Наконец Шогакат словно вспомнила, что надо дать и другим поздороваться с Ара. Она неохотно выпустила сына из объятий и только сейчас разглядела его лицо, осторожно, медленно провела рукой по левой, обезображенной щеке. К ней вернулась обычная сдержанность, и она лишь тихо промолвила:
— Сынок мой, исстрадавшийся сынок…
Да, перед нею был он — ее прежний Ара: такой же родной и любимый. Только лицо у него немного огрубело.

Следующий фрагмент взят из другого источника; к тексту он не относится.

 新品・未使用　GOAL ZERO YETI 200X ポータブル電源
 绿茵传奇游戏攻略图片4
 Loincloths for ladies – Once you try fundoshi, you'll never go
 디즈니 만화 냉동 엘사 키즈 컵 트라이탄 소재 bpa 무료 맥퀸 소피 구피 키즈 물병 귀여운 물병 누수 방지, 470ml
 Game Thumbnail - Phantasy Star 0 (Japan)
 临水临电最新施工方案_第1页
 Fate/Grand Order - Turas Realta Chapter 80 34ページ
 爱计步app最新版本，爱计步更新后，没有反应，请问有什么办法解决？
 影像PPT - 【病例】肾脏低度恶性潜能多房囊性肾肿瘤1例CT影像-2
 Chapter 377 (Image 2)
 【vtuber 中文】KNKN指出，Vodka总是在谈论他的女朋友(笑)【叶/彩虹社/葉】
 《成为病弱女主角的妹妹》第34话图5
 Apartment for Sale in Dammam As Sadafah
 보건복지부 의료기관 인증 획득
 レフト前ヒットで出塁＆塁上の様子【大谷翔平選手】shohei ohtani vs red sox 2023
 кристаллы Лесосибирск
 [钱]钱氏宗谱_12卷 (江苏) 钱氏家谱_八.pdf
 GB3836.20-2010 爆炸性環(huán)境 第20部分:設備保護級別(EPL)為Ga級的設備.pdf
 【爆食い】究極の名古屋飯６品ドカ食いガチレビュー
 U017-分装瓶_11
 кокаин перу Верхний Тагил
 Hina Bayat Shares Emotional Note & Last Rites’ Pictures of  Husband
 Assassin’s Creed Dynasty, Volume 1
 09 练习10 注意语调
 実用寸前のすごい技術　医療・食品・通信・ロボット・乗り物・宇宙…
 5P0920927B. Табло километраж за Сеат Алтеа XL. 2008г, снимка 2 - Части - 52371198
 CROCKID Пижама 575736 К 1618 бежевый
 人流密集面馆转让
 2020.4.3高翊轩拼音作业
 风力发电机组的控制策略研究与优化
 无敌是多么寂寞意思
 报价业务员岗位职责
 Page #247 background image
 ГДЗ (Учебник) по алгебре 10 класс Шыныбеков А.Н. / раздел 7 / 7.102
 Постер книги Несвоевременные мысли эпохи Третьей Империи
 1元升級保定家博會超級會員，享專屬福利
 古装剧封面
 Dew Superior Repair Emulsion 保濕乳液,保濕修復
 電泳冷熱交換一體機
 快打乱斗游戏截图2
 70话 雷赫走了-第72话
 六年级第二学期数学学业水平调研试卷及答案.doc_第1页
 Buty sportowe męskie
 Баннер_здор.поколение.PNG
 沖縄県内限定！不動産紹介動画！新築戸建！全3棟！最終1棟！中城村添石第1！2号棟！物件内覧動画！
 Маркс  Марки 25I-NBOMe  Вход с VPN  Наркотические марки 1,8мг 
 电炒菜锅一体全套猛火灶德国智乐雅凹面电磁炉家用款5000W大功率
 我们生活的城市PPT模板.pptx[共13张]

Ну что ж, не ребенок ведь, мужчиной стал!
В первую минуту никто не заметил, что вместе с Ара в комнату вошла Маргарит, а за ней Гарсеван; еще у ворот Мхубского лагеря он заметил их и предложил отвезти к Шогакат-майрик.
Шогакат крепко обняла Маргарит:
— Вот кто привел ко мне моего Ара!.. Дай поцелую тебя, моя умница!
Воспользовавшись наступившим молчанием, Гарсеван подошел к Шогакат-майрик и торжественно произнес:
— Помнишь лето сорок второго года, майрик-джан? Ты передала Ара на мое попечение, хотя он ни в чьем попечении не нуждался. Ну вот, возвращаю тебе твоего сынка живым-здоровым. Но знай, что Ара теперь не тот, кем был, он герой, ему по силам любое дело!
— Спасибо тебе, Гарсеван-джан, спасибо! У такого начальника, как ты, мой Ара, конечно, мог научиться только хорошему!
— И за все время пребывания на фронте, — с улыбкой продолжал Гарсеван, — наш Ара только один раз совершил преступление… но потом, к счастью, искупил его!
Заметив, что все с удивлением смотрят на него, он объяснил:
— Допустил, чтобы мина ранила его! Конечно, на войне враг не изюмом швыряется, но вот то, что в Ереван на лечение не приехал, а потом и отпуском не воспользовался, чтобы повидать мать и… где ты, Маргарит?.. и любимую девушку, — это уж!.. Да где ты, Маргарит?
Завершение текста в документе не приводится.